* WORK TO BE COMPLETED
Only an exact repetition of the lines from the one holding "analytics-new" to the end of the data is wanted, with pictures left out.
Top of DATA PROVIDED
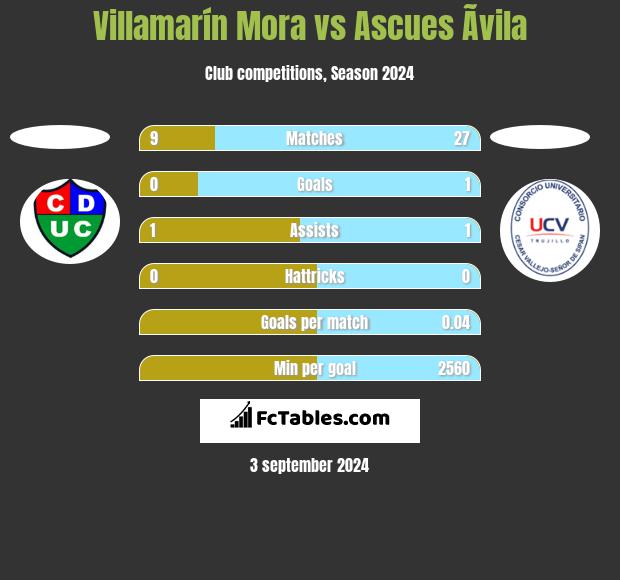 Villamarín Mora vs Ascues Ãvila h2h player stats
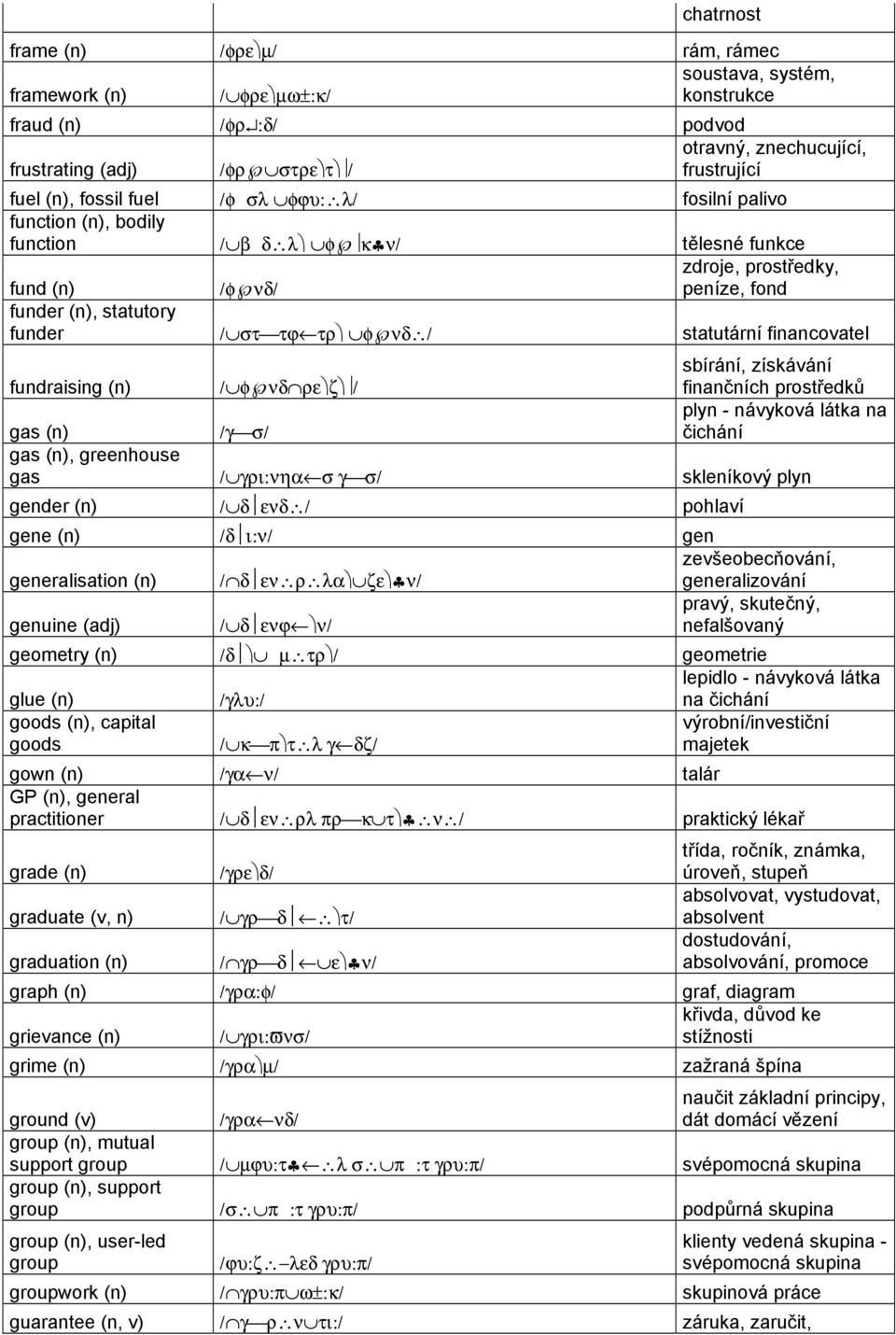 statutární financovatel fundraising (n) / φ νδ ρε ζ / sbírání, získávání finančních prostředků gas (n) /γ σ/ plyn - návyková látka na čichání gas (n), greenhouse gas / γρι:νηα σ γ σ/ skleníkový plyn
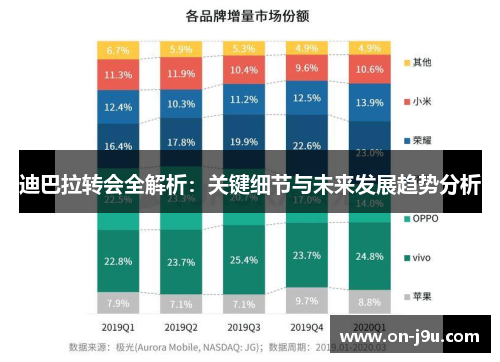 迪巴拉转会全解析：关键细节与未来发展趋势分析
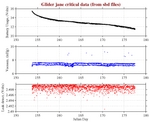 Battery, Vacuum,<br>and Leak Detect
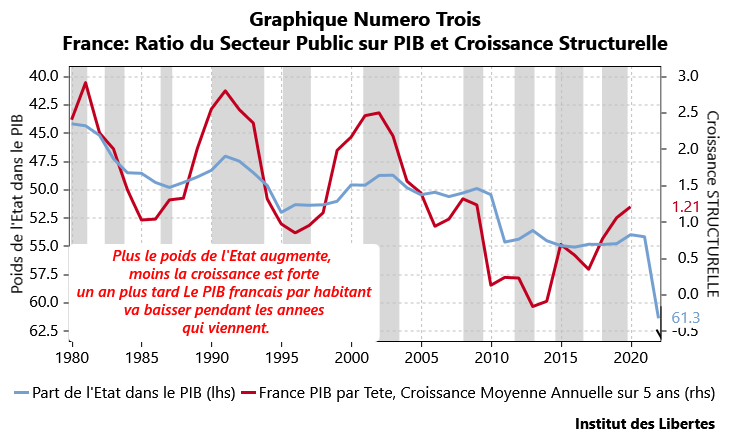 La France à la dérive : l’effondrement économique et les actes de trahison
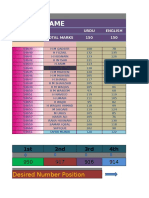 Result Sheet Formation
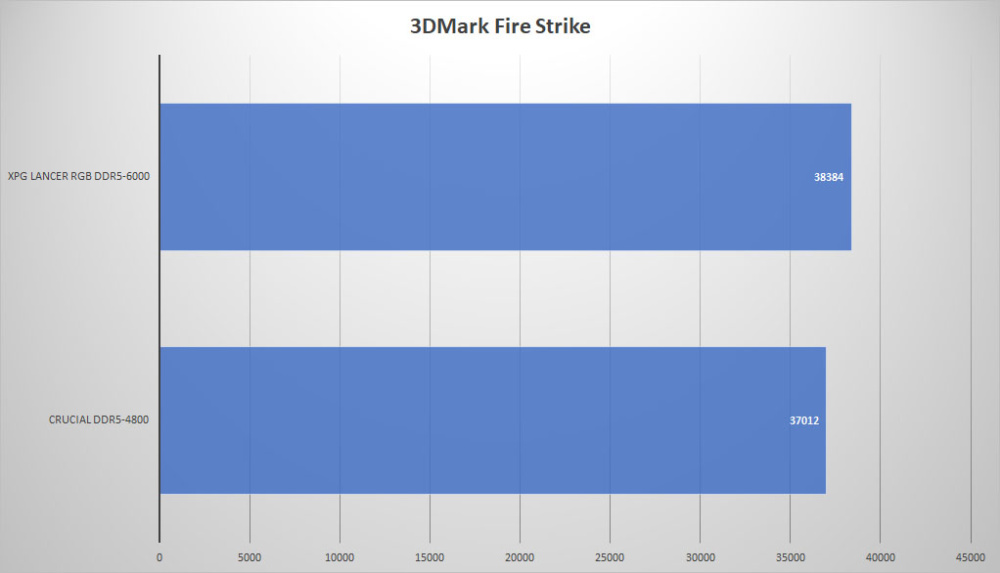 xpg lancer rgb ddr5 3dmarkfire
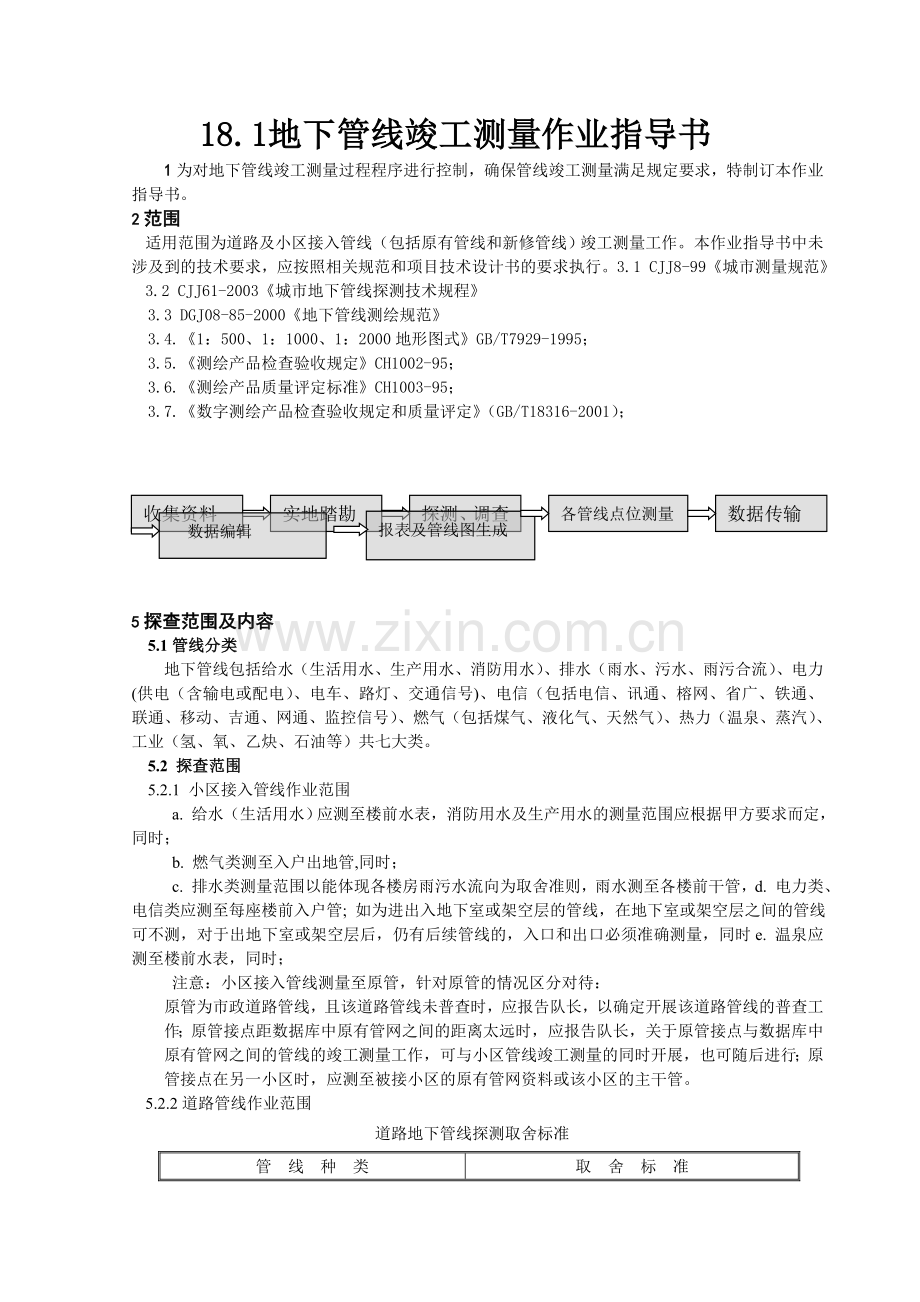 18福州市地下管线竣工测量作业指导书.docx_第1页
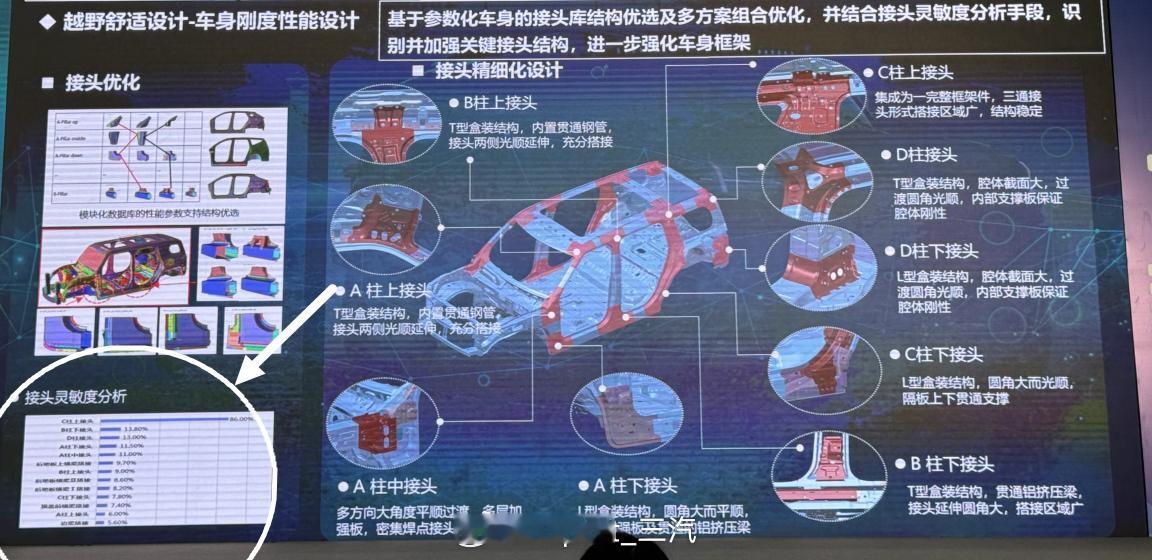 biw接头 所有接头中D环接头的刚度敏感度最高 ​​​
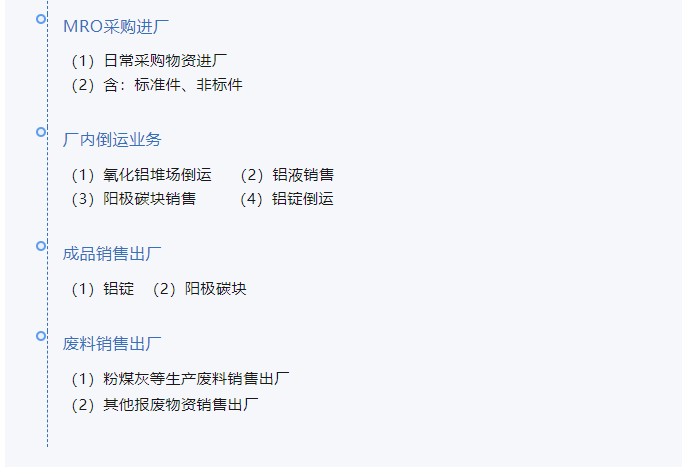 業(yè)務覆蓋2.jpg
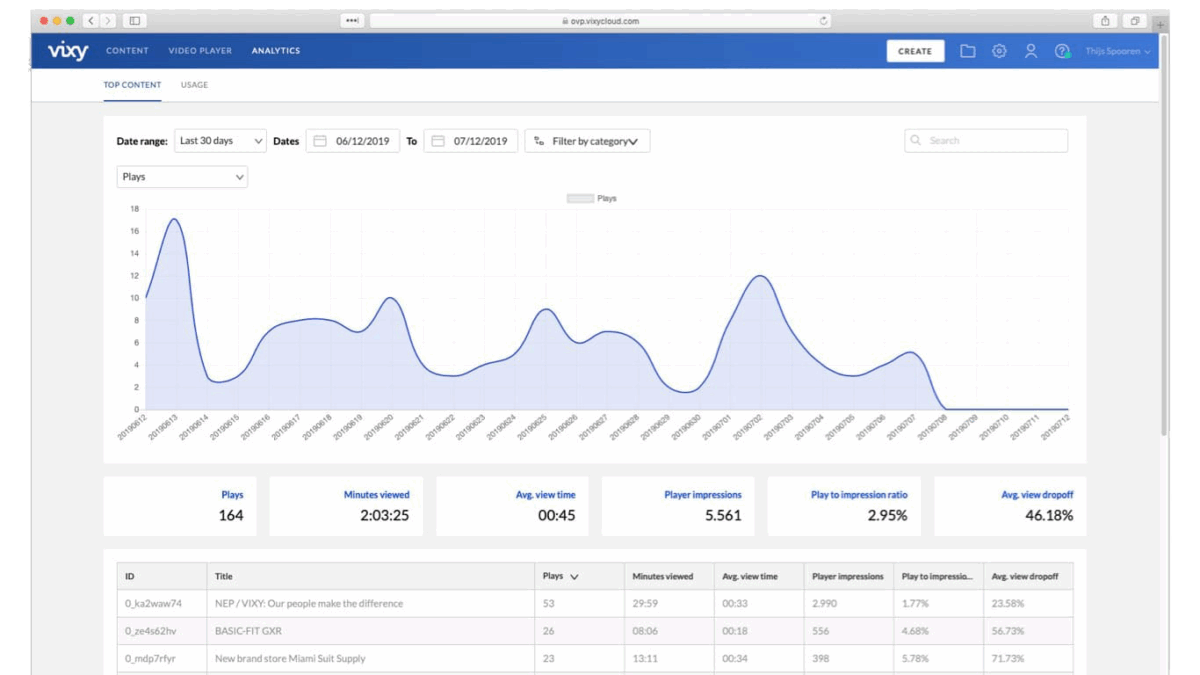 analytics-new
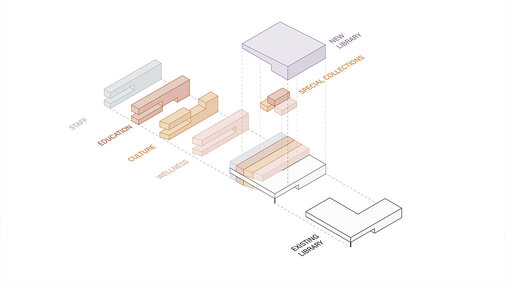 Arch student work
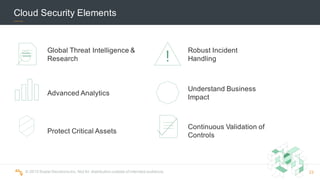 ©  2015  Scalar  Decisions  Inc.  Not  for  distribution  outside  of  intended  audience.   23
Cloud  Security  Elements
Global  Threat  Intelligence  &  
Research
Advanced  Analytics
Protect  Critical  Assets
Robust  Incident  
Handling
Understand  Business  
Impact
Continuous  Validation  of  
Controls
!
 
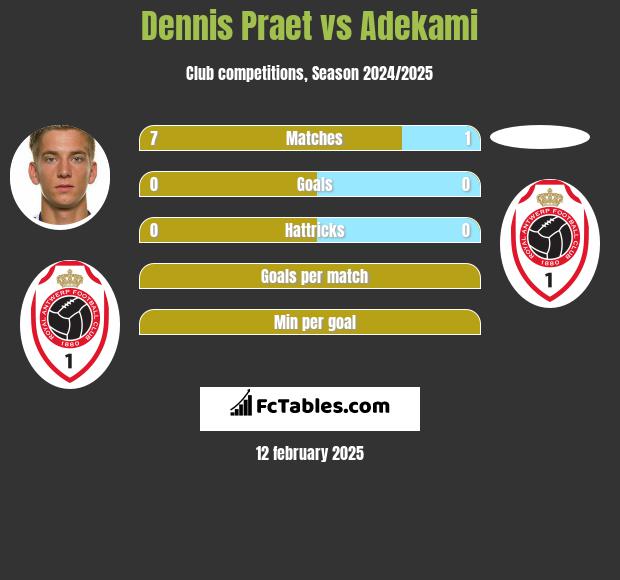 Dennis Praet vs Adekami h2h player stats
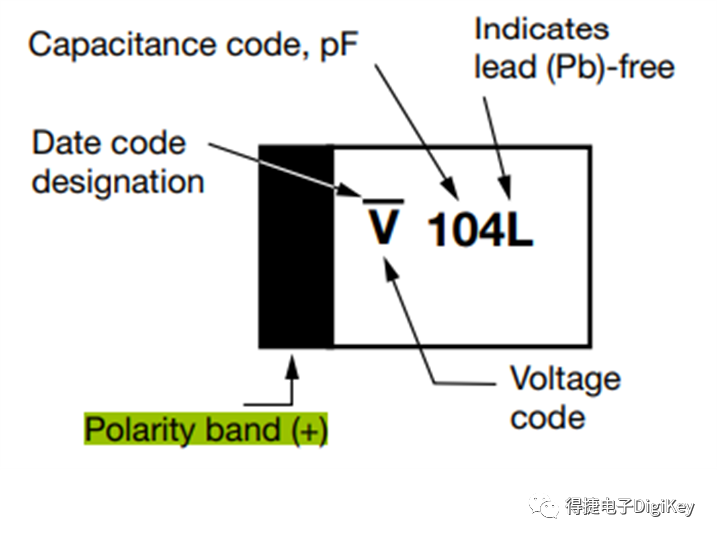 ce54cb36-4574-11ed-96c9-dac502259ad0.png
Bottom of DATA PROVIDED
* EXERCISE RESULT
 analytics-new
 Arch student work
 ©  2015  Scalar  Decisions  Inc.  Not  for  distribution  outside  of  intended  audience.   23
Cloud  Security  Elements
Global  Threat  Intelligence  &  
Research
Advanced  Analytics
Protect  Critical  Assets
Robust  Incident  
Handling
Understand  Business  
Impact
Continuous  Validation  of  
Controls
!
 
 Dennis Praet vs Adekami h2h player stats
 ce54cb36-4574-11ed-96c9-dac502259ad0.png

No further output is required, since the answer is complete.